Harry Freeman (1906 – January 7, 1978) was a 20th-Century American journalist, best known for serving in the New York bureau of TASS. The magazine editor Joseph Freeman was his brother.

==Background==
Freeman's family came from Piratin near Lviv, part of the Poltava district in Ukraine, then part of the Russian Empire. His parents, Stella and Isaac Freeman, were Jewish and lived in the Pale of Settlement as per anti-semitic laws of the Tsarist regime. His parents worked as shopkeepers.
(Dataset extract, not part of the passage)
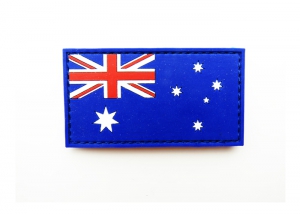 Шеврон "Флаг Австралии" /полноцветный/ размер 80х40 мм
Freeman graduated from Cornell University with a degree in history.

==Career==
In his 1952 memoir, Whittaker Chambers called Freeman "the best mind that I was to meet among the American Communist intellectuals." Freeman brought Chambers to work at the Daily Worker newspaper: both had recently joined the Communist Party (then using the name the Workers Party of America), Freeman was "writing foreign news." Chambers met his wife when he was covering the 1926 Passaic Strike with Freeman. Freeman and Chambers signed a petition with colleagues (including Sender Garlin, Vern Smith, and John Loomis Sherman) that asked the Central Committee of the Communist Party to have Louis Engdahl removed as editor. Later, Freeman took over the copy desk, while Chambers succeeded him on foreign news (later in turn succeeded by James S. Allen). In 1929, he succeeded his brother at TASS and lived with his wife Vera Schaap (wife of Al Schaap, a Young Communist League founder) and his brother Joseph in an apartment on Henry Street in Brooklyn Heights, rented from Eugene Lyons (formerly with TASS, by then with United Press correspondent in Moscow). Chambers recalled Freeman's guests included Sender Garlin, Abe Magill, James S. Allen, Joseph North (of the Daily Worker and New Masses), Anna Rochester, Grace Hutchins, Nadya Pavlov, and Kenneth Durant. When Freeman moved to TASS, Garlin took over on the Daily Workers copy desk.

During the 1929 factionalism in the Party, Freeman was a Lovestoneite (follower of Jay Lovestone.)

Freeman also worked at the Brooklyn Daily Eagle newspaper and the New Masses magazine (where his brother Joseph had succeeded as editor-in-chief not long after Chambers entered the Soviet Underground). He also contributed to Pravda. He was also a United Nations correspondent and from 1946 to 1948 served as vice president of the Foreign Press Association.

==McCarthyism==
Freeman appeared before the Senate Internal Security Subcommittee on February 21, 1956, on the scope of Russian intelligence operations in America. He invoked the Fifth Amendment when declining to answer many questions. He did say that he had never spied against the U.S. and had no association with the Communist Party since August 1941. His testimony was the first of many Americans at TASS, coming in response to a claim by defector Yuri Rastvorov in 1954.

==Later years and death==
In 1976, Freeman received the Order of Friendship award from the Soviet Union.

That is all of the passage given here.